Serve mettere in campo per lo meno le stesse prerogative che sono riservate alle attuali Regioni a statuto speciale. Del resto non si comprende bene quale possa essere la giustificazione per negare a vicentini o bergamaschi quei diritti di autonomia che pure concediamo senza problemi ai valdostani, ai trentini o ai friulani.
Non ne esiste ragionevolmente alcuna se non la rassegnazione generale all’immutabilità dello status quo – il concetto purtroppo molto “italiano” che tante storture e discriminazioni, per quanto evidenti, siano ormai un dato acquisito che ragioni di pragmatismo sconsigliano di mettere in discussione.
Purtroppo la spoliazione fiscale della Lombardia e del Veneto è stata finora sempre considerata come “politicamente sostenibile” ed esente da rischi per chi governa.

Certo, per molti anni il Nord è stato illuso che le sue istanze fossero finalmente comprese e riconosciute, quando invece sulle questioni sostanziali – quella fiscale in primis – lo Stato centrale non ha mai fatto alcun vero passo indietro.
La valutazione della (pretesa) “via italiana” al federalismo è ancor più impietosa se confrontata con il modo in cui altre democrazie hanno saputo adeguarsi rapidamente a richieste di cambiamento.
Ad esempio, quando, sulla scia dei primi successi della Lega Nord, la “questione settentrionale” è entrata nel lessico politico italiano, ancora non esistevano istituzioni scozzesi. Ebbene, nel giro di pochi anni, a partire dal 1997, il Regno Unito ha saputo dotare la Scozia di un proprio parlamento con competenze via via crescenti, fino persino a riconoscere un referendum per l’indipendenza nel 2014.
Gli scozzesi, in tale occasione, hanno scelto di rimanere con Londra, ma il fatto stesso che abbiano potuto votare ha posto il rapporto tra Stato centrale e comunità su un piano ontologicamente diverso rispetto alla visione gerarchica e piramidale del potere cara al “patriottismo costituzionale” spagnolo o italiano.

La storica democrazia anglosassone – come dimostra anche il referendum sulla Brexit – non ha paura di fare i conti con il diritto dei cittadini a decidere e di conseguenza è pronta a riconoscere il carattere pattizio – cioè federalista in senso etimologico – delle appartenenze comunitarie.
La lezione che dovremmo recepire da Westminster e da Downing Street è proprio che nessun feticismo istituzionale può venire prima del concetto che le istituzioni politiche devono in ogni momento derivare la propria legittimità dall’effettivo consenso dei cittadini e che quindi devono essere rinegoziabili e rimodellabili sulla base di esigenze che cambiano.

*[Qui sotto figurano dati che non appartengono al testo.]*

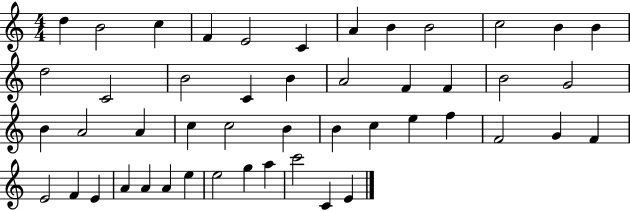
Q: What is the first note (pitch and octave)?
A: D5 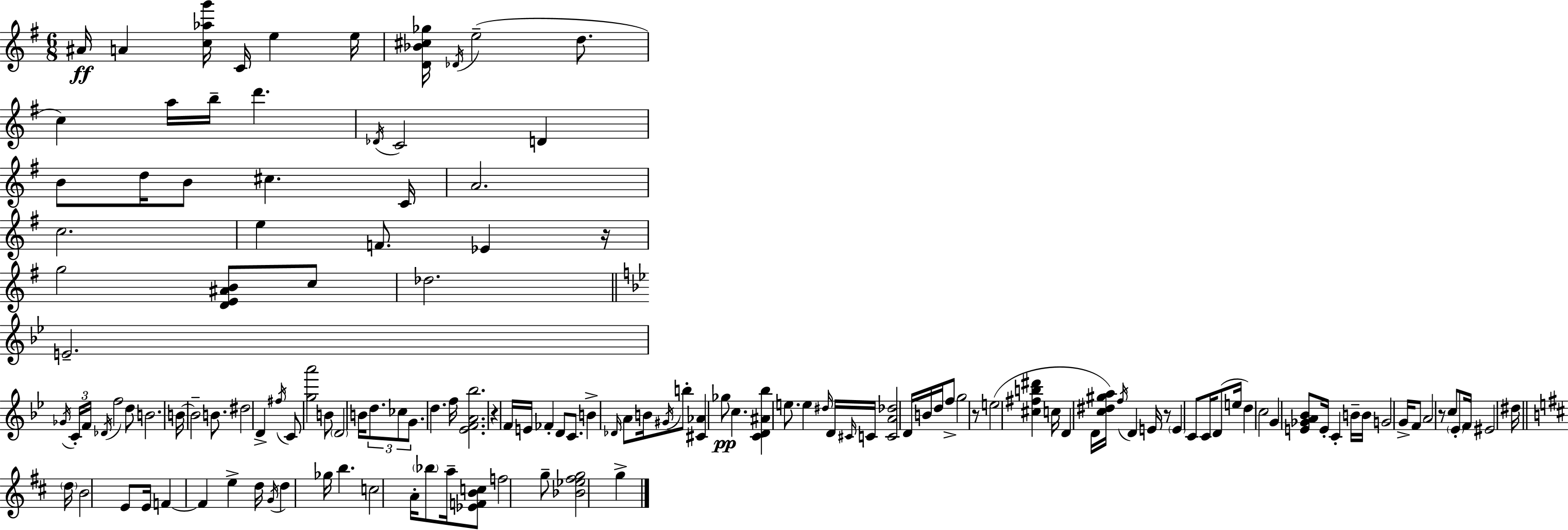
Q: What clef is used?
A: treble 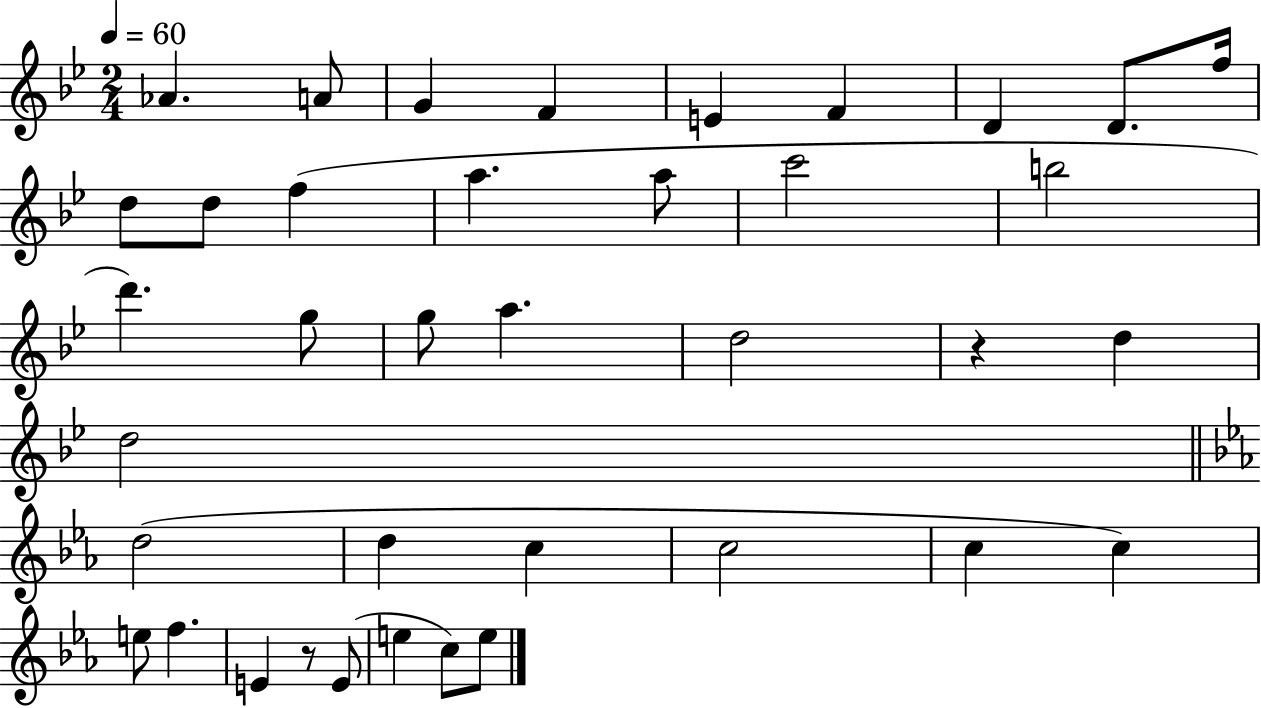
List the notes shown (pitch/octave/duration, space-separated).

Ab4/q. A4/e G4/q F4/q E4/q F4/q D4/q D4/e. F5/s D5/e D5/e F5/q A5/q. A5/e C6/h B5/h D6/q. G5/e G5/e A5/q. D5/h R/q D5/q D5/h D5/h D5/q C5/q C5/h C5/q C5/q E5/e F5/q. E4/q R/e E4/e E5/q C5/e E5/e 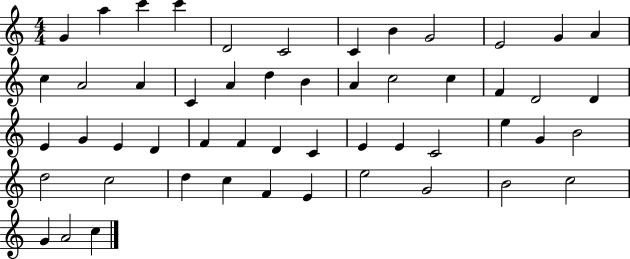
X:1
T:Untitled
M:4/4
L:1/4
K:C
G a c' c' D2 C2 C B G2 E2 G A c A2 A C A d B A c2 c F D2 D E G E D F F D C E E C2 e G B2 d2 c2 d c F E e2 G2 B2 c2 G A2 c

In Italia, ci sono pochi dubbi, che sia la sinistra la parte politica che maggiormente coltiva una visione sacrale degli status quo istituzionali e costituzionali e, di conseguenza, un’eventuale maggioranza di centro-destra potrebbe aprire una finestra di opportunità per una visione più aperta ed innovativa degli equilibri territoriali. Il centro-destra dovrebbe, idealmente, provare a ripartire da quanto c’era di buono nella proposta di riforma, purtroppo bocciata, del 2006, per provare a proporre ai cittadini veneti e lombardi – ed a quelli delle altre regioni che lo richiederanno – i termini di un rinnovato patto nazionale.

Non sarebbe certamente un cammino facile, perché l’intero assetto politico italiano pare congegnato per offrire la massima resistenza a qualsiasi cambiamento, ma è l’unica possibilità per ricondurre le diverse aree del paese ad una relazione sana e compatibile con la crescita.